At Bryan Cave Leighton Paisner, Bryant heads up the firm’s Brexit taskforce, helping clients across virtually all sectors to prepare for the UK’s withdrawal from the European Union. He also advises on large-scale competition and trade law investigations in the EU and UK, including a number of multimillion-pound competition damages actions. 

In addition, Bryant has written Brexit the Musical, “which did quite well and turned into quite a big thing,” he said.
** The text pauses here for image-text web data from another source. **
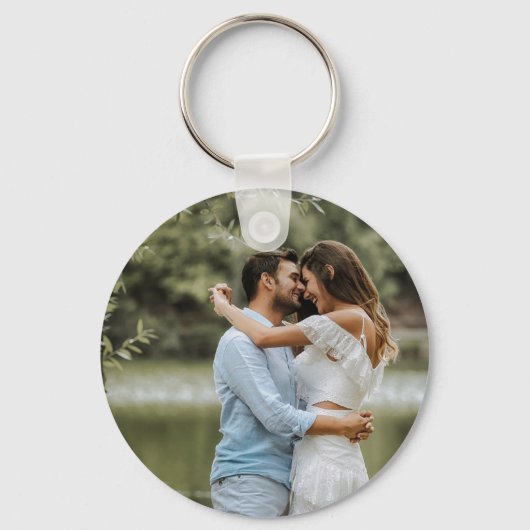 Moderne Klassieke Witte Monogram Trouwfoto Sleutelhanger (Achterkant)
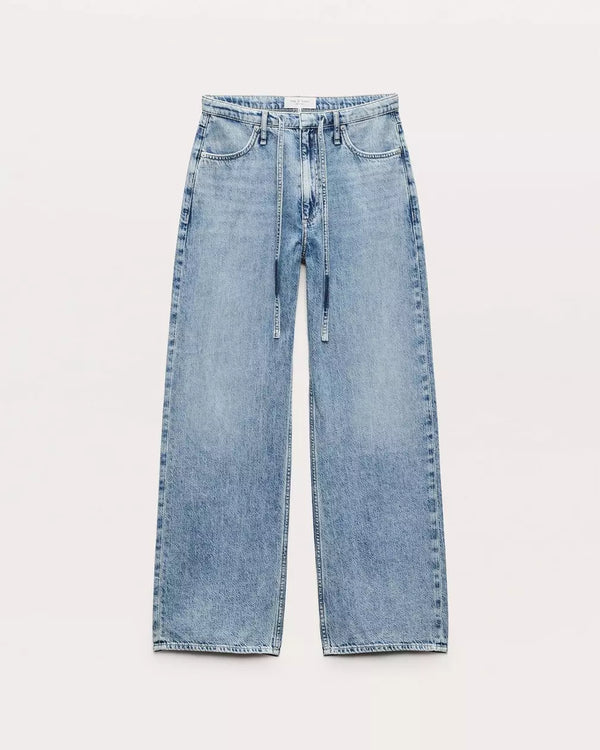Ultra Featherweight Phoebe Jean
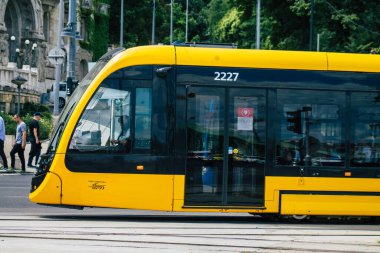 Budapeşte Macaristan 13 Temmuz 2020 Macaristan 'ın başkenti Budapeşte' nin sokaklardan geçen yolcuları ve toplu taşıma sisteminin bir bölümünü kapsayan yeni bir Macar elektrikli tramvayı görülüyor.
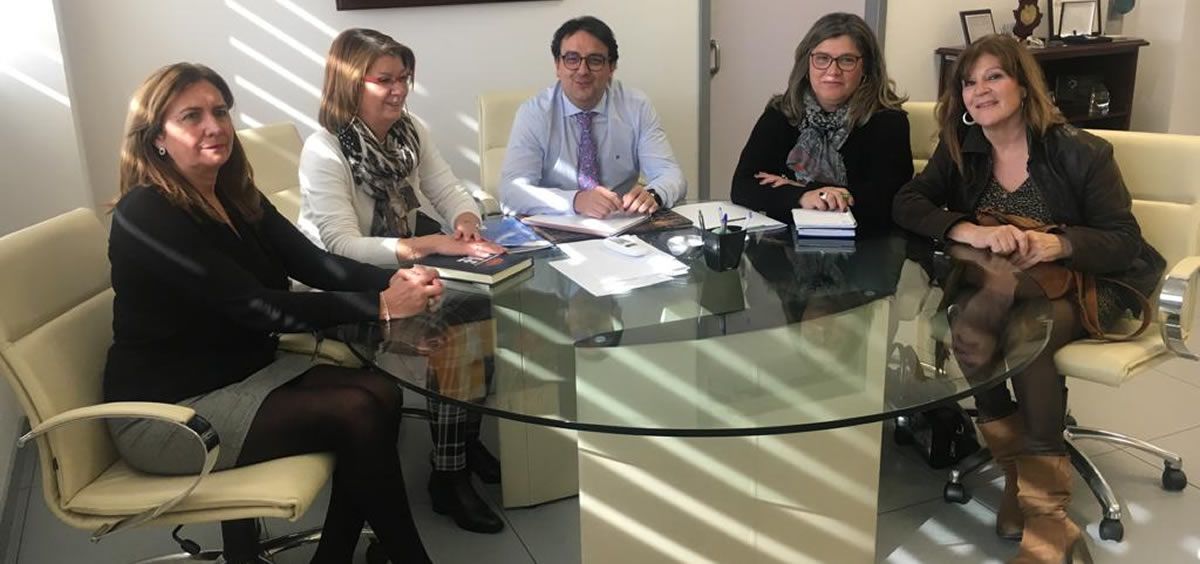 El consejero de Sanidad de Extremadura, José María Vergeles, reunido con las responsables autonómicas del Sindicato de Técnicos de Enfermería (SAE)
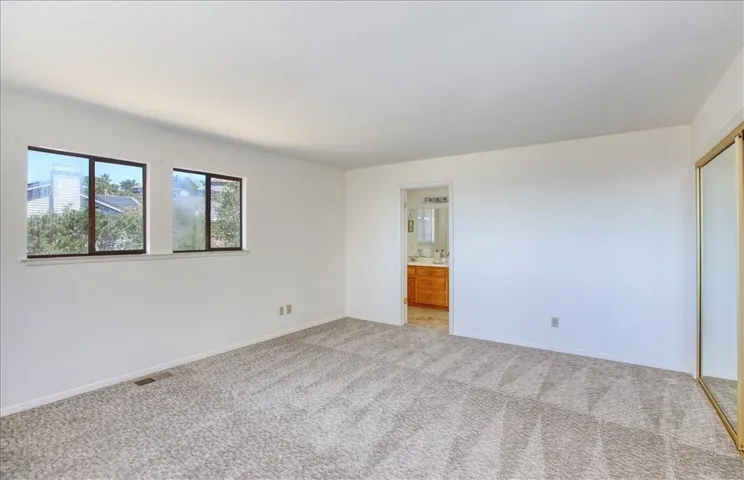 2098 Oxford Avenue, Cambria, California 93428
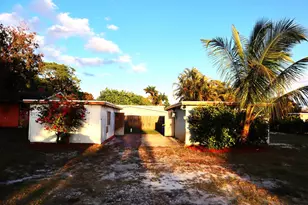 5035 SE Horizon Ave, Stuart, FL 34997 - Photo 3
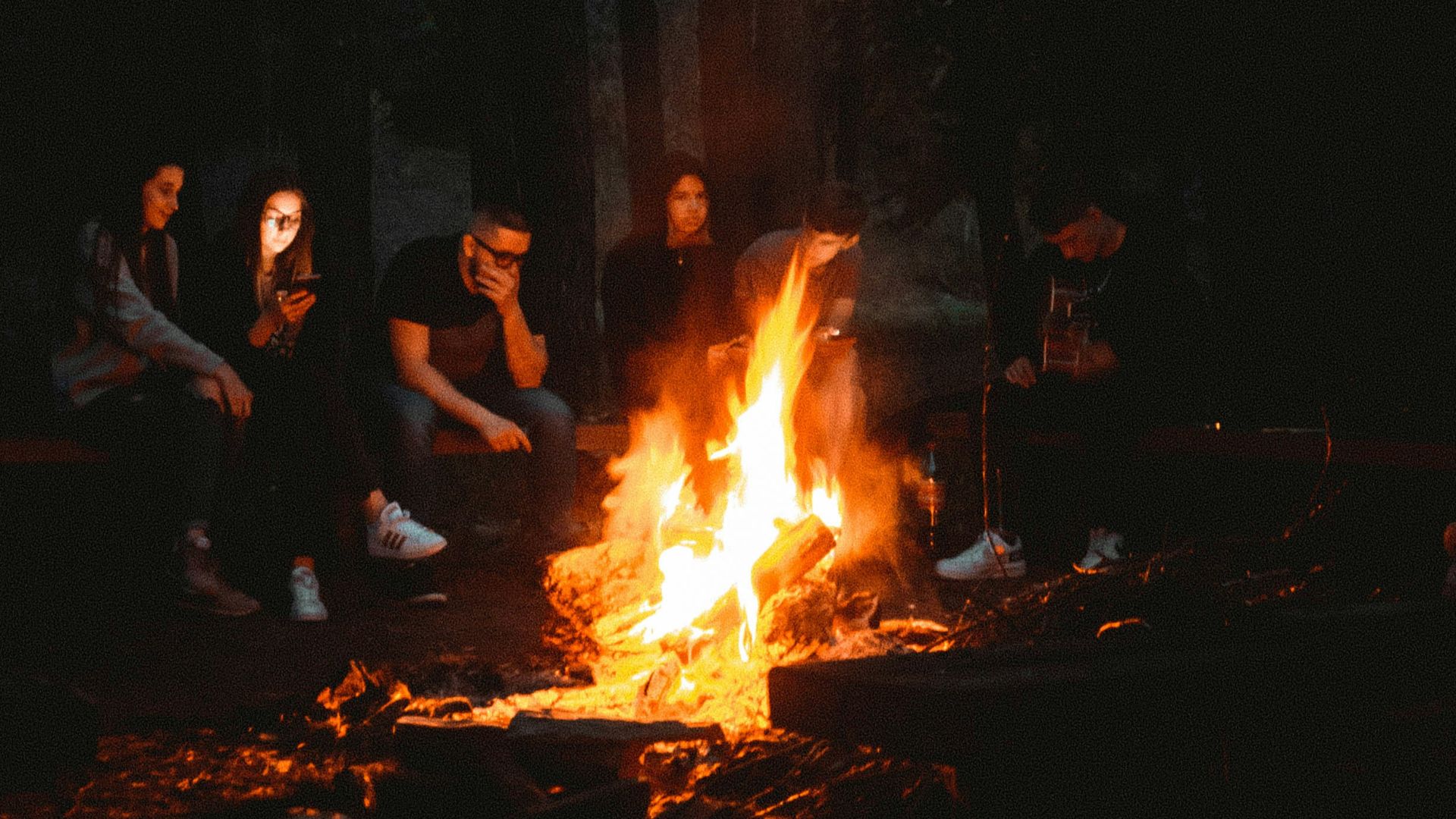 15. Camping hanté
The production enjoyed sold-out runs at the Edinburgh Festival and is in development to tour nationwide.

 In response to making this year’s Timewise Power 50, Bryant authored a first-person account of what working a part-time schedule has meant for his career, family and outside interests.

I am a partner at Bryan Cave Leighton Paisner in London advising on UK & EU competition law, international trade law, and EU regulatory issues.  I work three days per week. 

There are so few male role models working genuine part time arrangements.  When a colleague encouraged me to put myself forward for the Timewise Power 50 list, perhaps this is what convinced me to participate. I developed the confidence to work part time at a particular point in my career.  If there were other part time male role models, I may have had the confidence to do so sooner. 

I have two reasons for working part time.  I look after my two year old daughter two days a week.  I also write musical theatre and in 2017 wrote “Brexit the Musical”, which played to sell-out runs at the Edinburgh Festival and is currently in development to tour nationwide. 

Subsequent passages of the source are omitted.